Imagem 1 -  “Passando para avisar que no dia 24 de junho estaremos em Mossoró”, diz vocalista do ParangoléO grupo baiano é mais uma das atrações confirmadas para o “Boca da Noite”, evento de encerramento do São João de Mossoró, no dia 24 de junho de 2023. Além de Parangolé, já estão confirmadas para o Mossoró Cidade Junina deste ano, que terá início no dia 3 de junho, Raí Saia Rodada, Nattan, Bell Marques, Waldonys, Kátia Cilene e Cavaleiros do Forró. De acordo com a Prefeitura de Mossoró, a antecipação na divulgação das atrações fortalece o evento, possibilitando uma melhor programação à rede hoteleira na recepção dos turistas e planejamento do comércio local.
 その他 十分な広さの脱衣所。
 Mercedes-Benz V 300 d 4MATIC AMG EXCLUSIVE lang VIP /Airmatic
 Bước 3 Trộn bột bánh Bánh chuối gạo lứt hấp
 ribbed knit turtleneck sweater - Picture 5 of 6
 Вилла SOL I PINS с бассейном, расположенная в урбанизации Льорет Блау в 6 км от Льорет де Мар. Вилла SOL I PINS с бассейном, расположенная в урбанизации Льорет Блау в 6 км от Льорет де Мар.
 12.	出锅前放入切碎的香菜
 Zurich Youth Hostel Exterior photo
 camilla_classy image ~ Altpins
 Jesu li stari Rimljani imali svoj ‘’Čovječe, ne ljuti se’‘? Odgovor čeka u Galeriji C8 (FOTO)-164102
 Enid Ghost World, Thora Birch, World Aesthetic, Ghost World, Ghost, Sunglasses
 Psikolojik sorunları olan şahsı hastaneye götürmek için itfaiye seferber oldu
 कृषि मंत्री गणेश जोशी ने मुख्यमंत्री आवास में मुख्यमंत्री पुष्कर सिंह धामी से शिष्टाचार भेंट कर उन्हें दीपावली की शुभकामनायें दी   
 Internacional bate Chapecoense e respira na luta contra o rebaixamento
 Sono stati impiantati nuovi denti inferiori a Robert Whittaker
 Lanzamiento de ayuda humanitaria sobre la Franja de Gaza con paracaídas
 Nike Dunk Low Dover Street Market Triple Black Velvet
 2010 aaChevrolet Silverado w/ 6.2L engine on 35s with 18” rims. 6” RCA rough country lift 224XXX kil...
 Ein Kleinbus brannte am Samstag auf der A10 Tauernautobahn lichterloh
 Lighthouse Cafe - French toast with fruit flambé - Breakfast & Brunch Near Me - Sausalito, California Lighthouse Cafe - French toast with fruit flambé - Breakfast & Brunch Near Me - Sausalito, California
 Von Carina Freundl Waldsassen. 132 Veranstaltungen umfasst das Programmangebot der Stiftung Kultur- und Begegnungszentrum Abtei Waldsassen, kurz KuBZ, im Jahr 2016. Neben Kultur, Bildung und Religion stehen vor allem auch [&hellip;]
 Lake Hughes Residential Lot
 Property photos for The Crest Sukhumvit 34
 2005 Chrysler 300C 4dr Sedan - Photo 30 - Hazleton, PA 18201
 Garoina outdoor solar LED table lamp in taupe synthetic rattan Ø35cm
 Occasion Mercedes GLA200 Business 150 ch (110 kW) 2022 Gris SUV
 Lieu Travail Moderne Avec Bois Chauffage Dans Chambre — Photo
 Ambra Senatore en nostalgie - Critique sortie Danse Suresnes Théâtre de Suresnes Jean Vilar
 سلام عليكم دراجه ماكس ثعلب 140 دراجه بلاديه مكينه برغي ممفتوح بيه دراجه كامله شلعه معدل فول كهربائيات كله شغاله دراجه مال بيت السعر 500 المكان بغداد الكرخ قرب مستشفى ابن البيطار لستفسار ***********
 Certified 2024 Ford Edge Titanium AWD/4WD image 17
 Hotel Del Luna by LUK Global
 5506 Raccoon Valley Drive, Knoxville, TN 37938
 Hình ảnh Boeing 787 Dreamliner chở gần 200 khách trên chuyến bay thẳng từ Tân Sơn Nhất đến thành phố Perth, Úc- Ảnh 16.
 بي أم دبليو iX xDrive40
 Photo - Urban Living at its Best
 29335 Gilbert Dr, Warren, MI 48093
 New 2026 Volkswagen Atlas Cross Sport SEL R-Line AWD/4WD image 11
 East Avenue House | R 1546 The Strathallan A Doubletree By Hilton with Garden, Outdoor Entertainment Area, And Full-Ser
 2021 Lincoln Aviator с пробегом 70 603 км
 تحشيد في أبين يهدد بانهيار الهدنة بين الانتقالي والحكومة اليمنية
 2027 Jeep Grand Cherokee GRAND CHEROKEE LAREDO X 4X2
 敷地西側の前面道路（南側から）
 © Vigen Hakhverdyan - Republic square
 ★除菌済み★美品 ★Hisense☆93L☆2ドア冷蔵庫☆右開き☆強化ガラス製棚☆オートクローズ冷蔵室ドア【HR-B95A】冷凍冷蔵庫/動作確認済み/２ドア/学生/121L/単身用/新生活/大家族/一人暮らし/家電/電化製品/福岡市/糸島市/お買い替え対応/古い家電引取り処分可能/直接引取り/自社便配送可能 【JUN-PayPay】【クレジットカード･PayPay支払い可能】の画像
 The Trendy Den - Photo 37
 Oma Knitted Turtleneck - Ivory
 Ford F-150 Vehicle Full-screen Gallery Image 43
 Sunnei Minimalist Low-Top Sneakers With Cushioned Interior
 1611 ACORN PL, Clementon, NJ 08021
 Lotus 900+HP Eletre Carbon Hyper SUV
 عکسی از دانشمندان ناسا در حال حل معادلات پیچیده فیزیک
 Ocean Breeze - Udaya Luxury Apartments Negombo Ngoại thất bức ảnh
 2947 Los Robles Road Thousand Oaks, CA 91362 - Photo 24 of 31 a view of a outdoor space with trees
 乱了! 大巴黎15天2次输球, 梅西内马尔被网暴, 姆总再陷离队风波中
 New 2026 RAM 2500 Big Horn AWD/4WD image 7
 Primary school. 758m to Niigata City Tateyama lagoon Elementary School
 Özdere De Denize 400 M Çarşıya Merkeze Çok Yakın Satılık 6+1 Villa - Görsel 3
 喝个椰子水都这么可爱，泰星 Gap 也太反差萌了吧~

__________

About this task —
Return only the stretch of the material above from the line holding "Psikolojik sorunları olan" through the line holding "Sausalito, California Lighthouse", copied exactly.

Answer to this problem —
 Psikolojik sorunları olan şahsı hastaneye götürmek için itfaiye seferber oldu
 कृषि मंत्री गणेश जोशी ने मुख्यमंत्री आवास में मुख्यमंत्री पुष्कर सिंह धामी से शिष्टाचार भेंट कर उन्हें दीपावली की शुभकामनायें दी   
 Internacional bate Chapecoense e respira na luta contra o rebaixamento
 Sono stati impiantati nuovi denti inferiori a Robert Whittaker
 Lanzamiento de ayuda humanitaria sobre la Franja de Gaza con paracaídas
 Nike Dunk Low Dover Street Market Triple Black Velvet
 2010 aaChevrolet Silverado w/ 6.2L engine on 35s with 18” rims. 6” RCA rough country lift 224XXX kil...
 Ein Kleinbus brannte am Samstag auf der A10 Tauernautobahn lichterloh
 Lighthouse Cafe - French toast with fruit flambé - Breakfast & Brunch Near Me - Sausalito, California Lighthouse Cafe - French toast with fruit flambé - Breakfast & Brunch Near Me - Sausalito, California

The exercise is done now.